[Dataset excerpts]
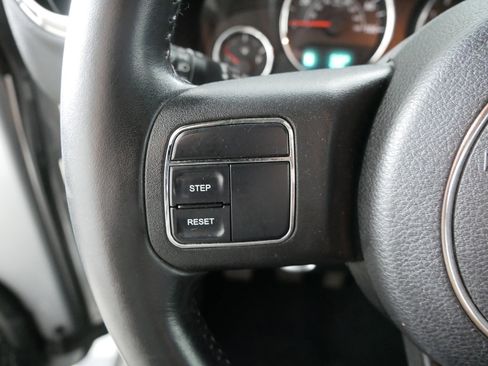 Used 2011 Jeep Wrangler Sahara w/ Dual Top Group image 27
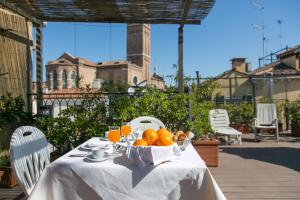 a table with a bowl of fruit on a balcony at Hotel Pantalon in Venice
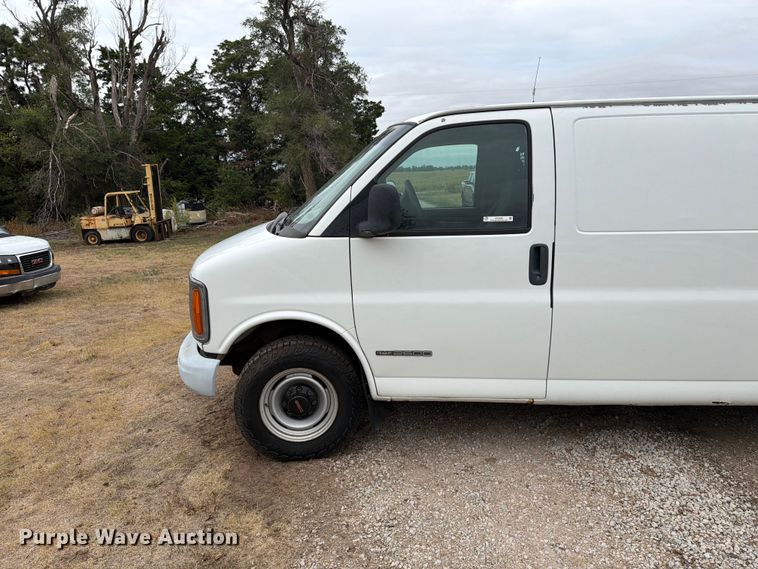 image for item DY3440 2002 GMC Savana 2500 van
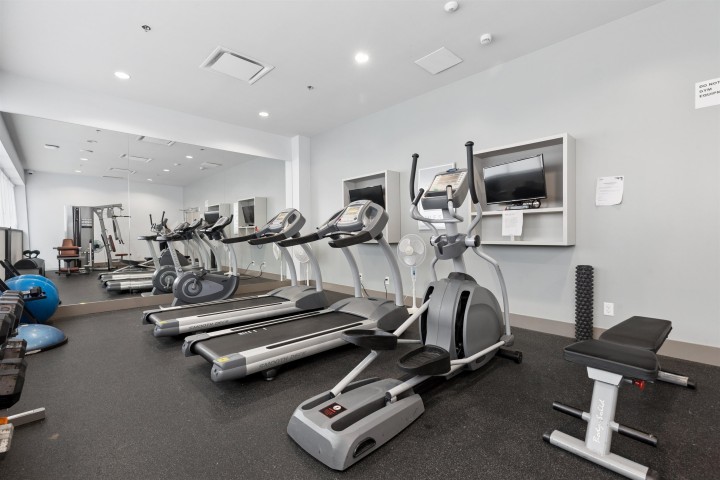 Photo 32 at 303 - 150 W 15th Street, Central Lonsdale, North Vancouver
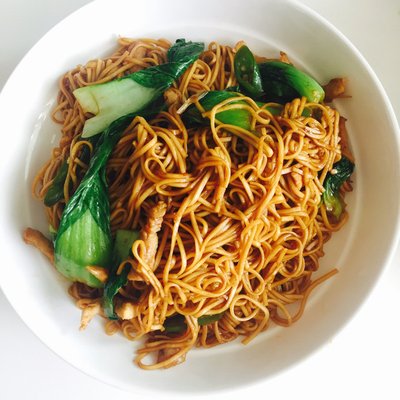 黑豚肉絲炒麵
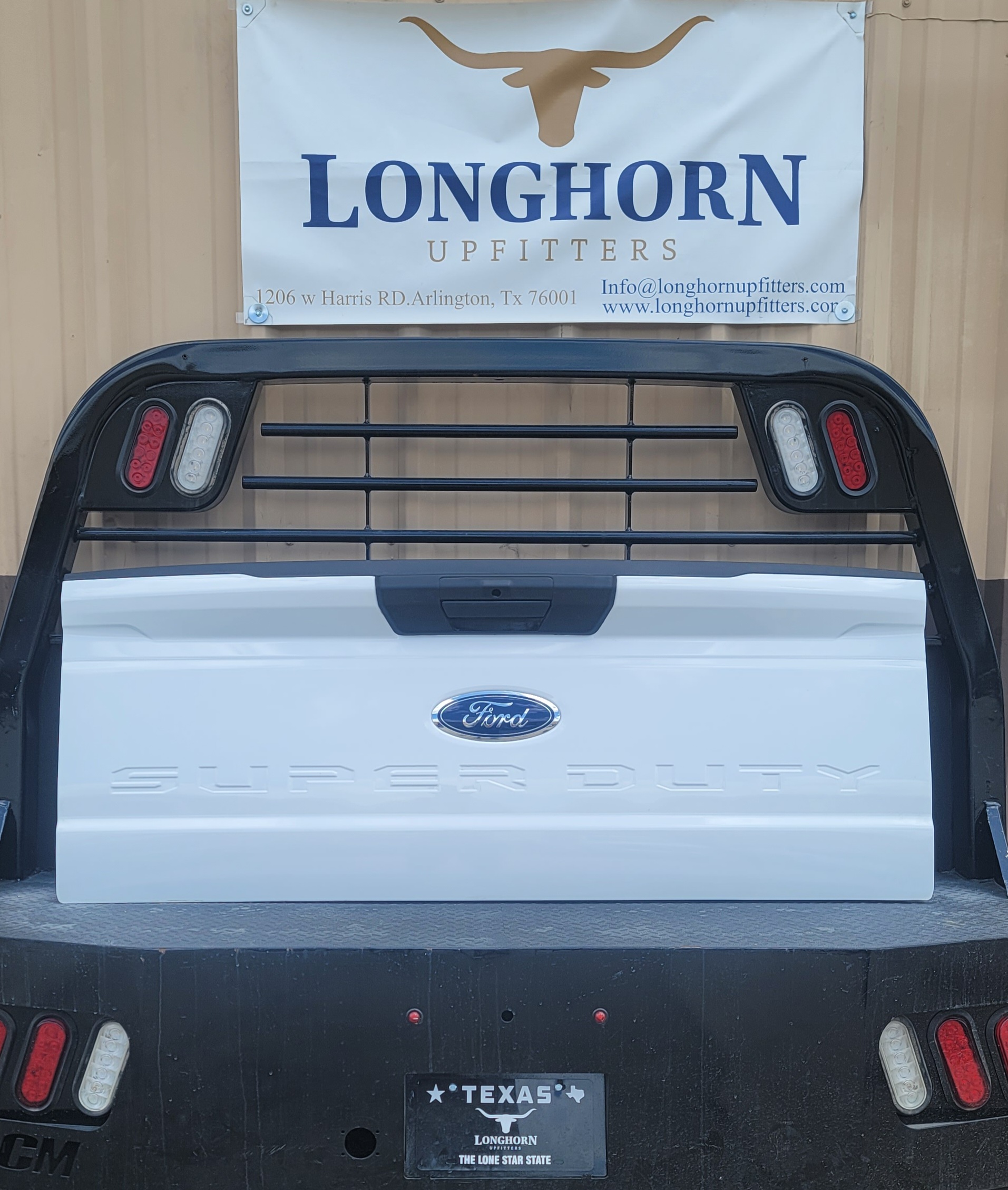2023–2025 Ford F-250/F-350 Super Duty OEM Tailgate-155 – Image 1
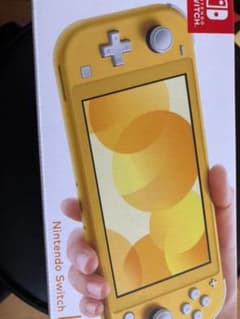 任天堂　Switch lite  イエロー　本体のサムネイル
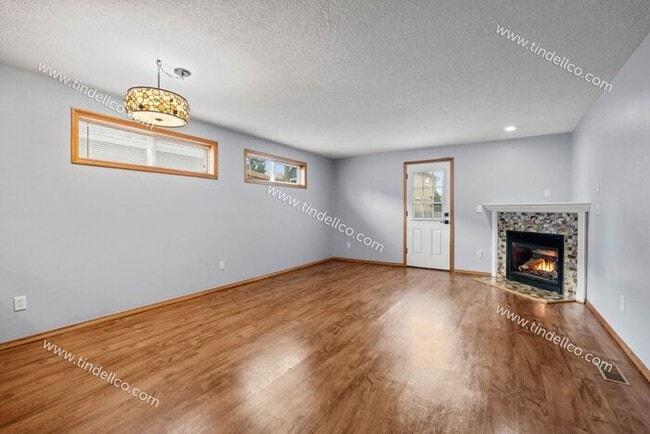 Building Photo - Charming 3-Bedroom Home with Attached Garage & Fenced Yard in North Portland - 1 MONTH FREE!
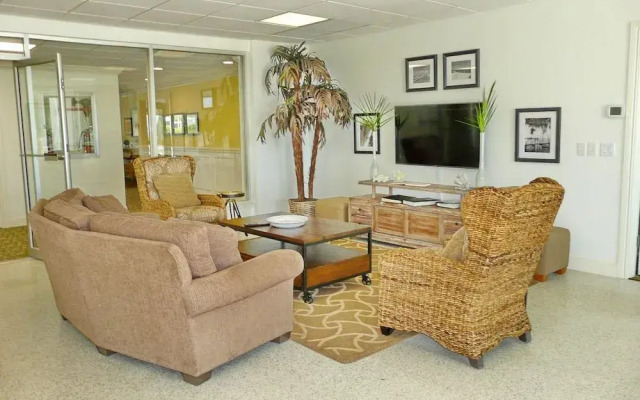 Bungalow-style Beachfront Condo With Pool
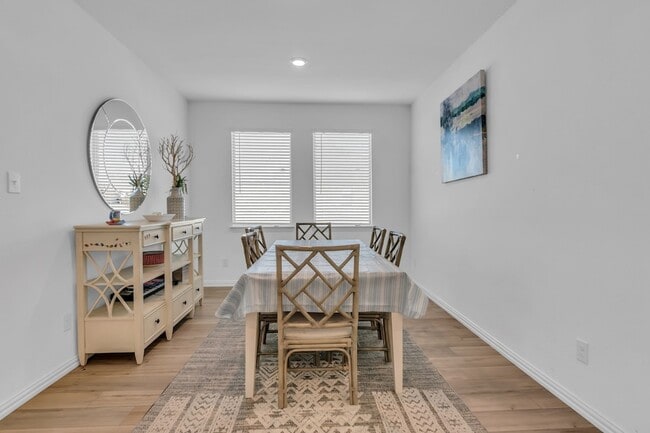 Building Photo - 14789 Mainstay Way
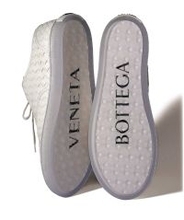 Catch the Wave！足元から西海岸を醸す〈ボッテガ・ヴェネタ〉格別な1足！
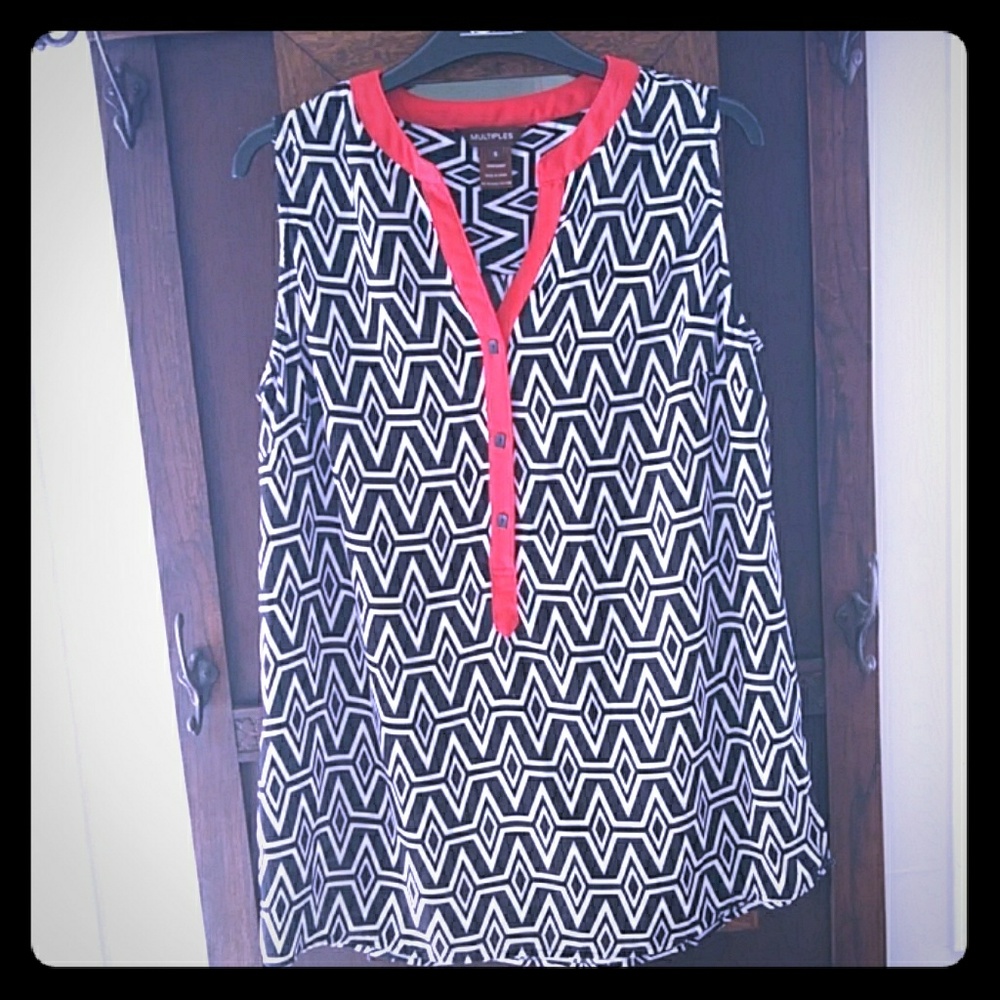 Multiples Black white sleeveless blouse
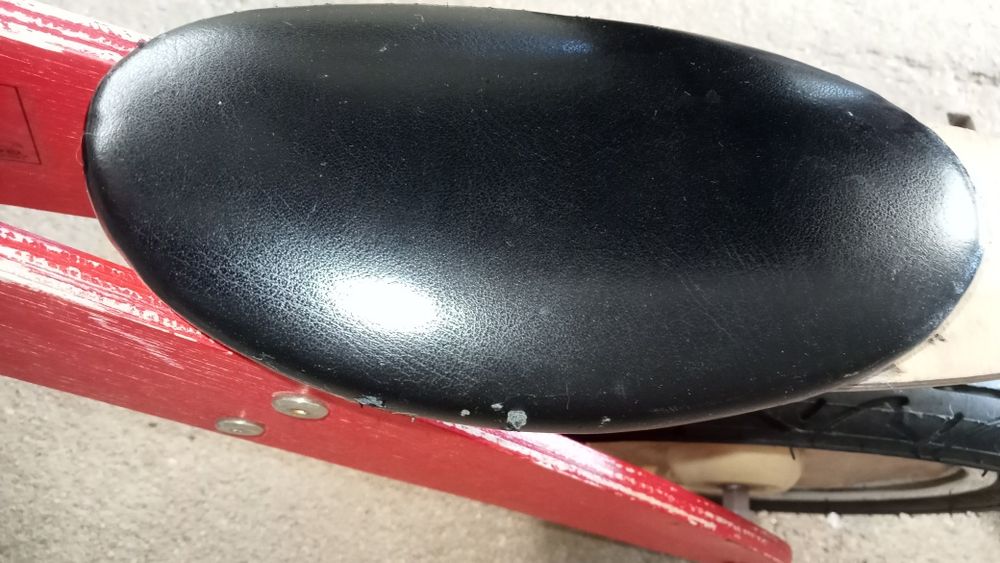 Bicicleta antiga de madeira para criança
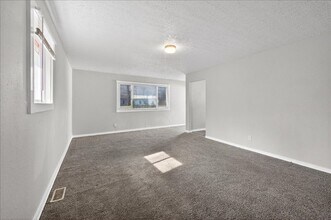 3319 N Hawthorne Ln in Indianapolis, IN - Building Photo - Building Photo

### Exercise
Find the line with "image for item" in the entries above. Set down exactly every line from it up to and including the line with "Bicicleta antiga de madeira para criança", images excluded.

### Your solution
 image for item DY3440 2002 GMC Savana 2500 van
 Photo 32 at 303 - 150 W 15th Street, Central Lonsdale, North Vancouver
 黑豚肉絲炒麵
2023–2025 Ford F-250/F-350 Super Duty OEM Tailgate-155 – Image 1
 任天堂　Switch lite  イエロー　本体のサムネイル
 Building Photo - Charming 3-Bedroom Home with Attached Garage & Fenced Yard in North Portland - 1 MONTH FREE!
 Bungalow-style Beachfront Condo With Pool
 Building Photo - 14789 Mainstay Way
 Catch the Wave！足元から西海岸を醸す〈ボッテガ・ヴェネタ〉格別な1足！
 Multiples Black white sleeveless blouse
 Bicicleta antiga de madeira para criança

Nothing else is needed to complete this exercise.